Teen Dies Of Nut Allergy After Mistakenly Eating Chips Ahoy Cookie

Leslie Hanson
July 18, 2018

According to Kellie Travers-Stafford's post, 15-year-old Alexi Ryann Stafford ate a cookie from an open, red Chips Ahoy! package at a friend's house on June 25.

Friday's cautionary Facebook post by a Weston mother after her peanut allergic teen daughter died from eating a Chips Ahoy! cookie provided a window into seemingly casual actions that can be perilous for food allergy sufferers.

"She died within one and half hour of eating the cookie", Travers-Stafford continued.

Her family administered two EpiPen shots, but she went into anaphylactic shock and stopped breathing. Realizing her mistake, she went home immediately, according to a Facebook post by her mother. With the top flap of the packaging pulled back, the teen didn't see that the cookie had an added ingredient - Reese's Peanut Butter Cup chunks.

"As a mother who diligently taught her the ropes of what was okay to ingest and what was not, I feel lost and angry because she knew her limits and was aware of familiar packaging, she knew what "safe" was", her mom said.

The company pointed out that the packaging for Chips Ahoy! made with Reese's Peanut Butter Cups "prominently indicates, on both the front and side panels, the presence of peanut butter cups through both words and visuals".

Travers-Stafford said her daughter mistook the treats for Chewy Chips Ahoy cookies, which do not contain peanuts, due to the similar packaging. One clearly shows the Reese's Peanut Butter Cups logo.

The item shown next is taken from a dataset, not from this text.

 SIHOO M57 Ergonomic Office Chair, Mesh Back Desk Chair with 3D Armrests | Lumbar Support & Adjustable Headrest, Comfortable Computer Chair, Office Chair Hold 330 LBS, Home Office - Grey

Chips Ahoy said Sunday in a tweet it takes allergens "very seriously". "Consumers should always read the label for allergy information".

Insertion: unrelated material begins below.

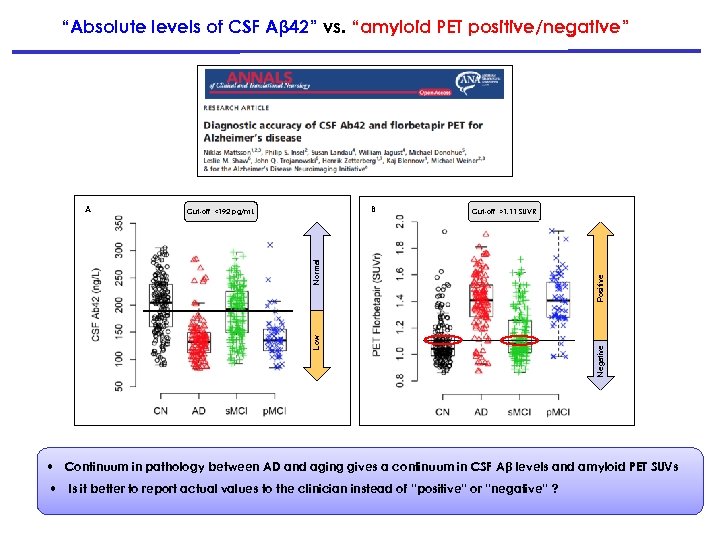 “Absolute levels of CSF Aβ 42” vs. “amyloid PET positive/negative” Low Positive Cut-off >1.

While packaging color for the cookies indicates their texture, such as chewy or chunky, it's not indicative of the presence of allergens, it added. Package color indicates Chewy, Chunky, or Original.

The girl's death "tragically" illustrates the fact that teens and young adults are at the greatest risk for severe allergic reactions, said Lisa Gable, CEO of Food Allergy Research & Education, a national advocacy nonprofit organization.